Question

How do you find the value of $\cot {60}^{\circ }$?

Answer 1

Hint: Here we can proceed by finding the $\sin \text{ and cos}$ of the same angle as given and we know that $\tan x={\displaystyle \frac{\sin x}{\cos x}}$ and therefore we can divide both the values of the $\sin \text{ and cos}$ of the same angle and get the exact value of the $\cot {60}^{\circ }$.

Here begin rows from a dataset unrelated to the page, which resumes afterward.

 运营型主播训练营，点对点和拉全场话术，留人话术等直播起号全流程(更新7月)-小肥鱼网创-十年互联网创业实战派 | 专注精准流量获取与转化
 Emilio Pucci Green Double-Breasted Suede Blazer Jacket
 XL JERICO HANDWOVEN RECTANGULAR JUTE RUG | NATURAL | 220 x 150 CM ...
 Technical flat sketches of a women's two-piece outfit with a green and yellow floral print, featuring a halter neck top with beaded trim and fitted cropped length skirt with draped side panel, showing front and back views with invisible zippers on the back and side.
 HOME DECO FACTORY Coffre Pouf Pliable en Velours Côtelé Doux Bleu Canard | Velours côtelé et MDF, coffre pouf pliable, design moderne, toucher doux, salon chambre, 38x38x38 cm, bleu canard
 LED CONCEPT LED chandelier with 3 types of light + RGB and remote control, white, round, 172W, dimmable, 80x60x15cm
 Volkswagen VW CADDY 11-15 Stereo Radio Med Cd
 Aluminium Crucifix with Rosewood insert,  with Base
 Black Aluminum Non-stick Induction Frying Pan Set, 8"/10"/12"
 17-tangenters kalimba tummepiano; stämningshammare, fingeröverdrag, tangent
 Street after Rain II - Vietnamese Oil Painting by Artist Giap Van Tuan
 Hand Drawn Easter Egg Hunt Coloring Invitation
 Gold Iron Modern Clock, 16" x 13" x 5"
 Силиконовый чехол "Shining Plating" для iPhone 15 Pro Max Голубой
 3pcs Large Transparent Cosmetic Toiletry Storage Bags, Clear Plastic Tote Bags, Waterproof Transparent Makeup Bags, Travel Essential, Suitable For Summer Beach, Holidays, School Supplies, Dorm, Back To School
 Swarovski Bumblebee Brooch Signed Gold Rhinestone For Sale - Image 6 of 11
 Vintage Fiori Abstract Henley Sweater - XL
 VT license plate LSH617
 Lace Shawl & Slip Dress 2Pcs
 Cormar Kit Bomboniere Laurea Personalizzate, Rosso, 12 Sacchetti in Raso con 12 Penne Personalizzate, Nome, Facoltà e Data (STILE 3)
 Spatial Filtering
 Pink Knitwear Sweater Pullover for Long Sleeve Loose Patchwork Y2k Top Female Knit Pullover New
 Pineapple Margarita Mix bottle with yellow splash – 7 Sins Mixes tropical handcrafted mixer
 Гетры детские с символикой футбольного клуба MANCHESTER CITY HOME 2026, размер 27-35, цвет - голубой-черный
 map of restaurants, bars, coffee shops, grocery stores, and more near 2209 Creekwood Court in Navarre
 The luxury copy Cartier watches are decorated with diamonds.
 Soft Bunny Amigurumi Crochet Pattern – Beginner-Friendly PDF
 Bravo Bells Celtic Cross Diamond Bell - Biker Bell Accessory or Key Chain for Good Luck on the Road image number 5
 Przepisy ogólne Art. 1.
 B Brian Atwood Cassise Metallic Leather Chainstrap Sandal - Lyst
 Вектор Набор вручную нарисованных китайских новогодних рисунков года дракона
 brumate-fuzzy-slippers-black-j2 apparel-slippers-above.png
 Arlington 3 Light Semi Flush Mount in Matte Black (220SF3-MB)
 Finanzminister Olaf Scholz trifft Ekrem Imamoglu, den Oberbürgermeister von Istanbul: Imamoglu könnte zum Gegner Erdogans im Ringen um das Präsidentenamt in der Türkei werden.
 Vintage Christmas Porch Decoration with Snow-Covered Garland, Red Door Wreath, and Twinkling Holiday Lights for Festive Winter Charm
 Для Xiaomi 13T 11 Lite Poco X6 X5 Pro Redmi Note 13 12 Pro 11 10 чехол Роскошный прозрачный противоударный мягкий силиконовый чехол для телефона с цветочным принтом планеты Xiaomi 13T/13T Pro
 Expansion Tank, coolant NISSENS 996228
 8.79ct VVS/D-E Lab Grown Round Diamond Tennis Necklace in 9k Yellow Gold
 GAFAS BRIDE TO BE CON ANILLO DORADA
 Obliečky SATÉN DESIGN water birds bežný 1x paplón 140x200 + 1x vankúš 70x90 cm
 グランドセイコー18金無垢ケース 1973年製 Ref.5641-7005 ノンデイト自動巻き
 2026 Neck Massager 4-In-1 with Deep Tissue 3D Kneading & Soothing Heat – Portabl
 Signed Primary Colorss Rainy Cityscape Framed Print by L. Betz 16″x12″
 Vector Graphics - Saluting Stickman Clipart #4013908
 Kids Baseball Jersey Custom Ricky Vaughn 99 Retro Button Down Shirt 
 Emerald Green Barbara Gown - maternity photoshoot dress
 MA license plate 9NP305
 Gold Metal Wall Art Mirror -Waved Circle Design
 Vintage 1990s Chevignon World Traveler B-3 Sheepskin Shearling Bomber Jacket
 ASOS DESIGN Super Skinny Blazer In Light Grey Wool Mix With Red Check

Complete step by step solution:
Now we are given to find the exact value of $\cot {60}^{\circ }$
We know that:
$\sin \left({60}^{\circ }\right)={\displaystyle \frac{\sqrt{3}}{2}}$$----(1)$
$\cos \left({60}^{\circ }\right)={\displaystyle \frac{1}{2}}----(2)$
Now we can find the relation between $\sin ,\cos ,\tan$ to get the value of the $\cot \left({60}^{\circ }\right)$
Let us consider the triangle $ABC$ right-angled at $B$

We know that:
$\sin \theta ={\displaystyle \frac{\text{perpendicular}}{\text{hypotenuse}}}----(3)$
$\cos \theta ={\displaystyle \frac{\text{base}}{\text{hypotenuse}}}----(4)$
We also know that:
$\cot \theta ={\displaystyle \frac{\text{base}}{\text{perpendicular}}}----(5)$
Now if we divide the equation (3) and (4) we will get:
${\displaystyle \frac{\cos \theta }{\sin \theta }}={\displaystyle \frac{{\displaystyle \frac{\text{base}}{\text{hypotenuse}}}}{{\displaystyle \frac{\text{perpendicular}}{\text{hypotenuse}}}}}={\displaystyle \frac{\text{base}}{\text{perpendicular}}}$
Hence we get that:
${\displaystyle \frac{\cos \theta }{\sin \theta }}={\displaystyle \frac{\text{base}}{\text{perpendicular}}}----(6)$
Now we can compare the equation (5) and (6) to get the required relation between $\sin ,\cos \text{ and tan}$
On comparing both equation (5) and (6) we can say that:
$\cot \theta =$${\displaystyle \frac{\cos \theta }{\sin \theta }}$
So we know the value of $\sin \left({60}^{\circ }\right)={\displaystyle \frac{\sqrt{3}}{2}}$ and $\cos \left({60}^{\circ }\right)={\displaystyle \frac{1}{2}}$
Now we know that:
$\cot \theta =$${\displaystyle \frac{\cos \theta }{\sin \theta }}$
Here putting the value of $\theta ={60}^{\circ }$ we get:
$\cot {60}^{\circ }=$${\displaystyle \frac{\cos {60}^{\circ }}{\sin {60}^{\circ }}}$$={\displaystyle \frac{{\displaystyle \frac{1}{2}}}{{\displaystyle \frac{\sqrt{3}}{2}}}}={\displaystyle \frac{\left(1\right)(2)}{(\sqrt{3})(2)}}={\displaystyle \frac{1}{\sqrt{3}}}$
Hence by this method we have got the exact value of the given trigonometric function which is $\cot {60}^{\circ }$
So in order to calculate cotangent of any angle we need to just divide the cosine and sine of the same angle and we will get the tangent of that angle as we know that:
$\cot \theta =$${\displaystyle \frac{\cos \theta }{\sin \theta }}$

So we get the value of $\cot {60}^{\circ }=$${\displaystyle \frac{1}{\sqrt{3}}}$

Note:
Here in these types of problems where we are asked to find the value of the tangent or cotangent of any angle, we must know the basic values of the sine and cosine of the angles like $0^{\circ },{30}^{\circ },{45}^{\circ },{60}^{\circ },{90}^{\circ }$ and then we can easily calculate the same angles of the tangent, cotangent, secant, and cosecant of that same angle.